Instructions to follow -
What is needed is a verbatim copy of the data, minus the pictures.

Data block -
★ ★ ★ ★ ★

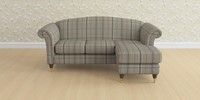 Medium Sofa Chaise - Universal
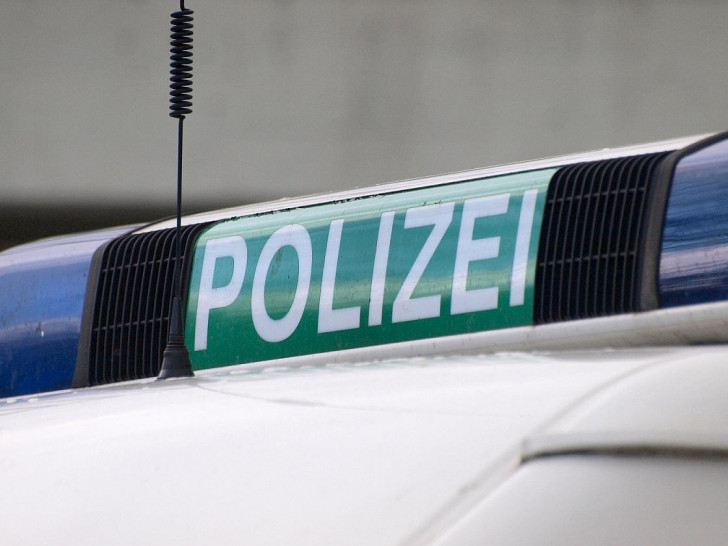 Polizeiwagen (Archiv)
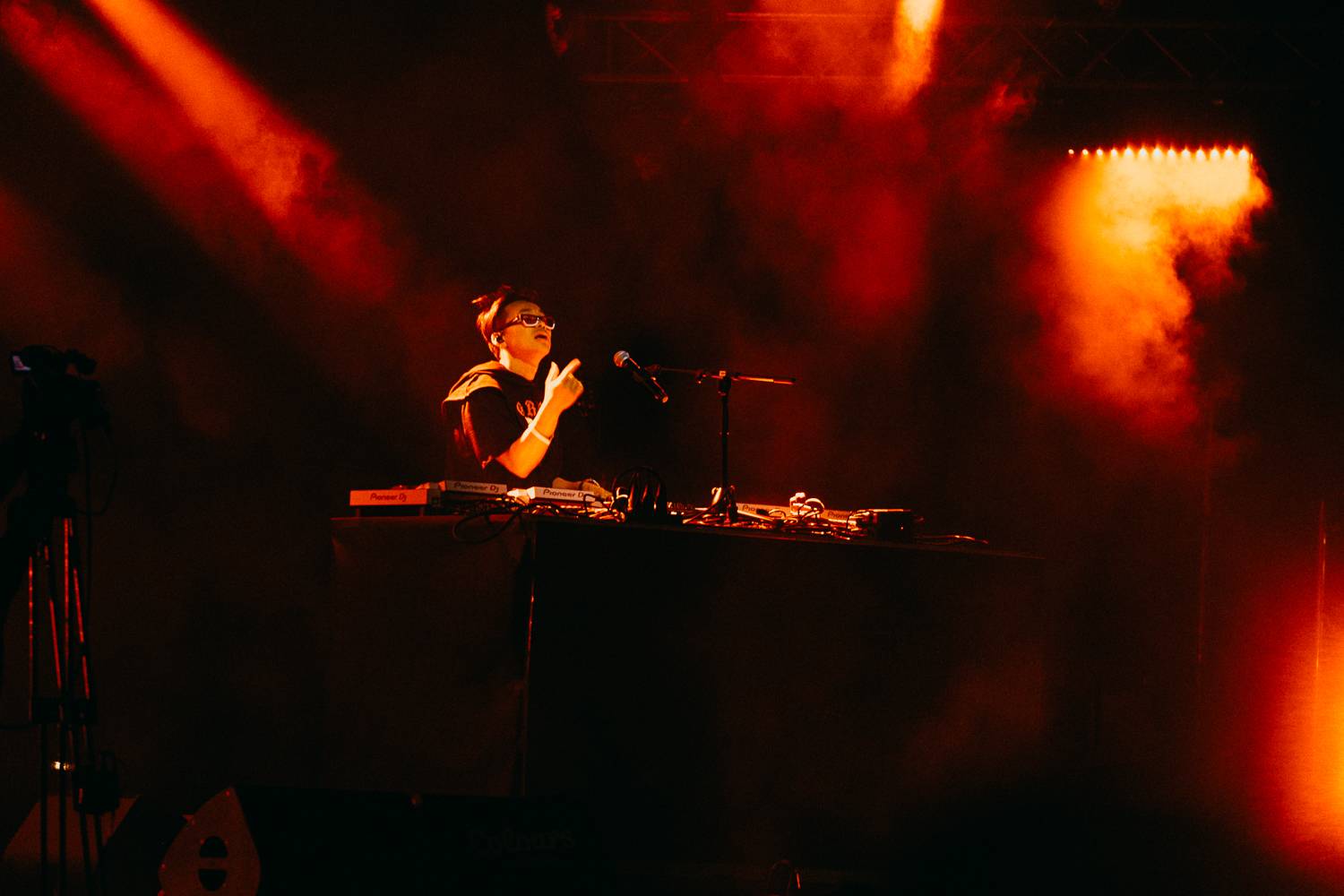 Ewě Farne se na Colours splnil sen, Jacob Collier přivezl svou pestrobarevnou cestu kolem světa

★ ★ ★ ★ ★

Solution to the problem -
 Medium Sofa Chaise - Universal
 Polizeiwagen (Archiv)
 Ewě Farne se na Colours splnil sen, Jacob Collier přivezl svou pestrobarevnou cestu kolem světa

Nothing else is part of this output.